This project explores how, after a century of work based on the notion of childhood as sacred and outside of politics, the world’s pre-eminent child rights organisation wound up cooperating in the indefinite detention of children. It proposes that immigration detention facilities and other sites of racialised violence reveal the fragility of the universal norms of childhood associated with progress in the nineteenth and twentieth centuries.
The project explores the role of Save the Children Australia in Australian-run detention centres in Papua New Guinea and Nauru from 2012-2015. Australia has been an influential pioneer in the global trend towards detention and criminalisation of asylum seekers and refugees. Save the Children’s offshore operations represent a particularly controversial example of non-governmental organisations working as service providers within this system. Yet this moment remains shadowy and poorly researched, obscured by reticence, censorship and judgement.
The project focuses on organisational decision-making and ethics, tracing the successive challenges that arose as Save the Children’s operations expanded and the organisation and its staff came into conflict with both their government employers and their own principles. As the incarceration of asylum-seeker children by democratic countries expands, this project shines a light on the compromises into which humanitarian organisations are drawn when they seek to offer care in such settings.

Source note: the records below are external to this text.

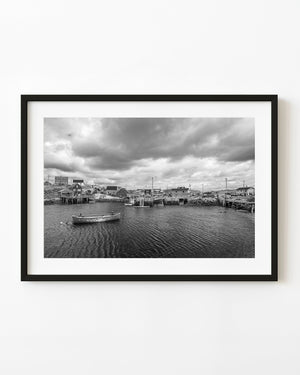 Peggy’s Cove harbour buildings and a small boat beneath cloudy skies, black and white
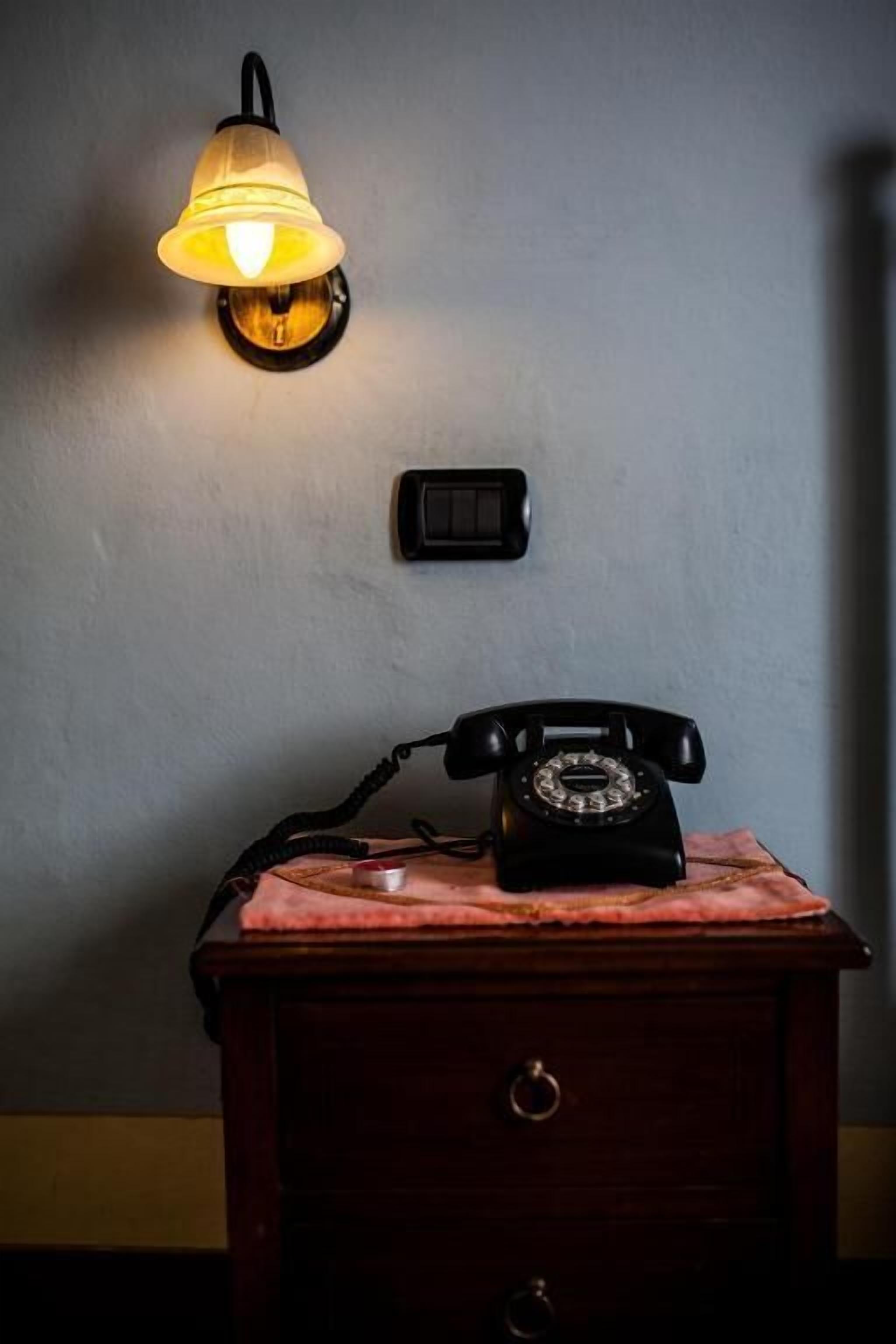 Ein altes Telefon auf einem Nachttisch aus Holz, darüber eine Lampe.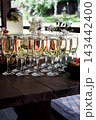 multiple champagne flutes with sparkling wine lined up on a dark wooden table 143442400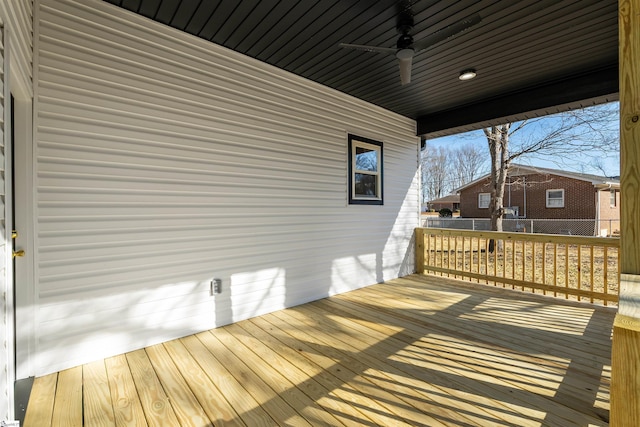 wooden terrace featuring ceiling fan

This research is supported by an independent scholar fellowship from the Independent Social Research Foundation, which is enabling the preparation of a book manuscript. I have published a chapter on this project:

“The conscience of the island? The NGO moment in Australian offshore detention,” Amidst the Debris: Humanitarianism and the End of Liberal Order (2021), ed. Juliano Fiori, Fernando Espada, Andrea Rigon, Bertrand Taithe, and Rafia Zakaria. Hurst & Company, pp. 83-106.